The Photographer's Riddle

Have you ever taken a photograph that simply blows you away? I'm talking about a photograph that brings you to your knees. It makes you tremble with excitement and you absolutely can't wait to share it with the world. You're boiling with anticipation to see the reaction of people as they look at your photograph. And then you show it to people. The reaction is one of disinterest. People aren't interested because it doesn't move them. It's probably not because it's a bad picture, but because there is no real reason for them to get excited. Maybe they don't understand what's happening in the frame. Maybe they just don't care about the subject matter or maybe they've already seen 1000 pictures earlier in the day.

But why then did you get so overwhelmed? Why were you so convinced that this picture would be a smashing success? What even makes a picture successful?

I was thinking about this phenomenon the other day and realized that with every photograph I take, I am emotionally invested in some way. As photographers, we attach ourselves to the subject matter. We involve ourselves in the story and therefore become emotionally attached. Photographers instinctively make their imprint on every image they take. I'm not saying that's a bad thing. I think as photographers we need to interact with our environment in order to truly understand what we want to say. The tricky part is (and here's the catch) that we need to remember that our experience of actually making a picture is very personal. The picture becomes the property of the photographer once that shutter is released. No one else knows exactly what the photographer was thinking while making a photo. Only the photographer knows.

And that is where the hang-up can come from. We think that everyone else is going to like our picture because we had such a profound experience making it. The truth is, our profound experiences don't always translate to the photographic form.
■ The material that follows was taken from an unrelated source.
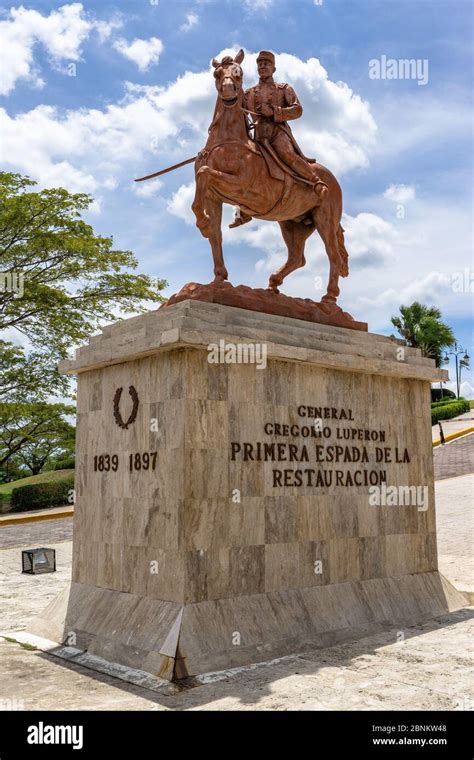 Statue of general gregorio luperon hi-res stock photography and images ...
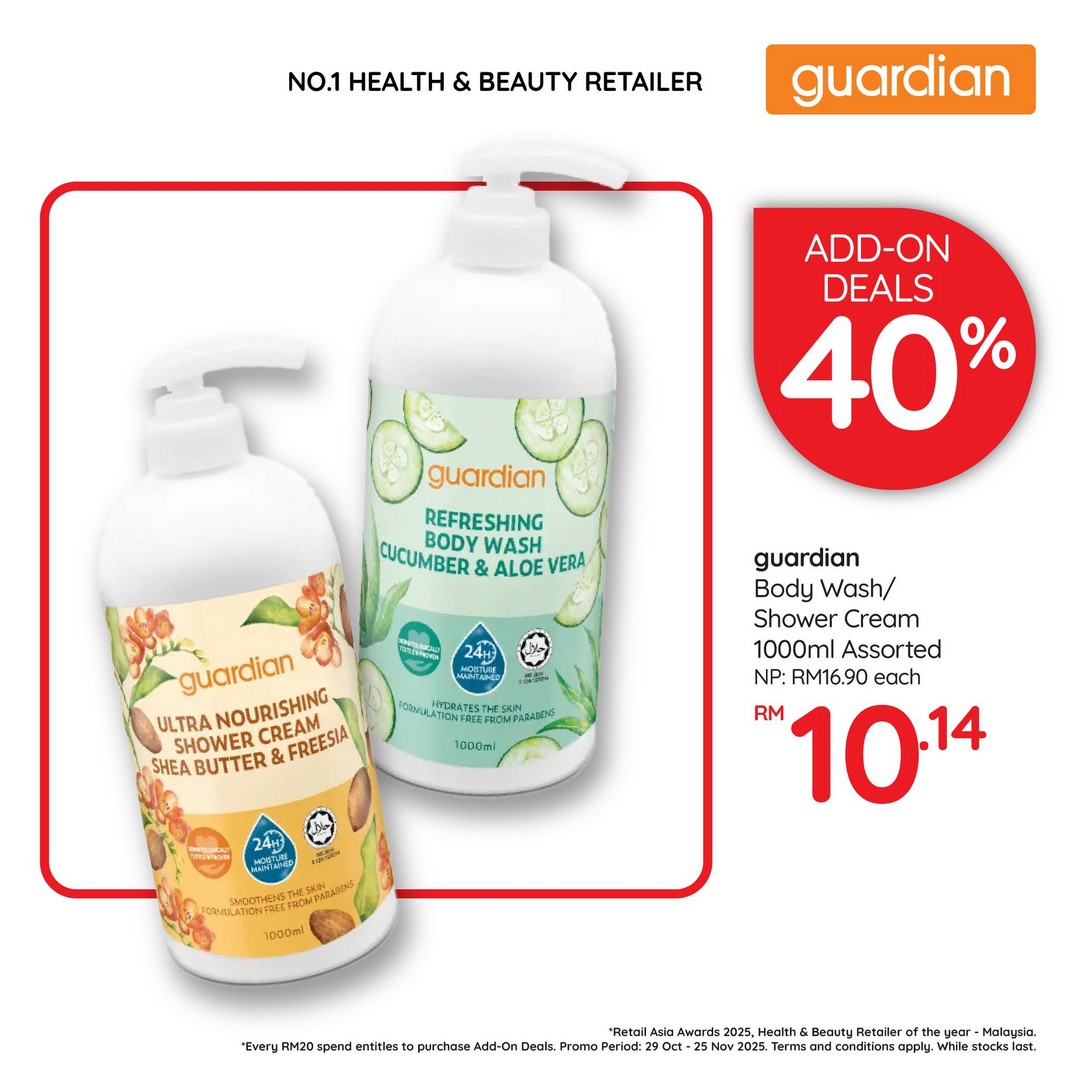 Guardian-Malaysia-Add-On-Deals-Promotion-5 29 October–25 November 2025: Guardian Malaysia Add-On Deals Promotion: Spend RM20 to Unlock Irresistible Savings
So no matter how amazing your experience was, don't expect your audience to immediately respond in the same way. Each person will feel something completely different.

I've been rambling a bit, but I'm coming to my point. My original thought is more of a reminder to myself and it is this: When editing your photographs, do everything in your power to look at them from various perspectives. Imagine that you didn't take the picture. Imagine that you don't know the back story. Pretend that you are a child seeing everything new for the first time. And if you can't do that, ask other people to edit your work and select their favorites. Ask them why they choose what they do. And maybe, just maybe, the images they like the most will be the ones you think are the best.

And that, I think, is when you've made a successful picture. We all respond to good stories. If you can tell a great story in one frame, then your audience will inevitably want to see more.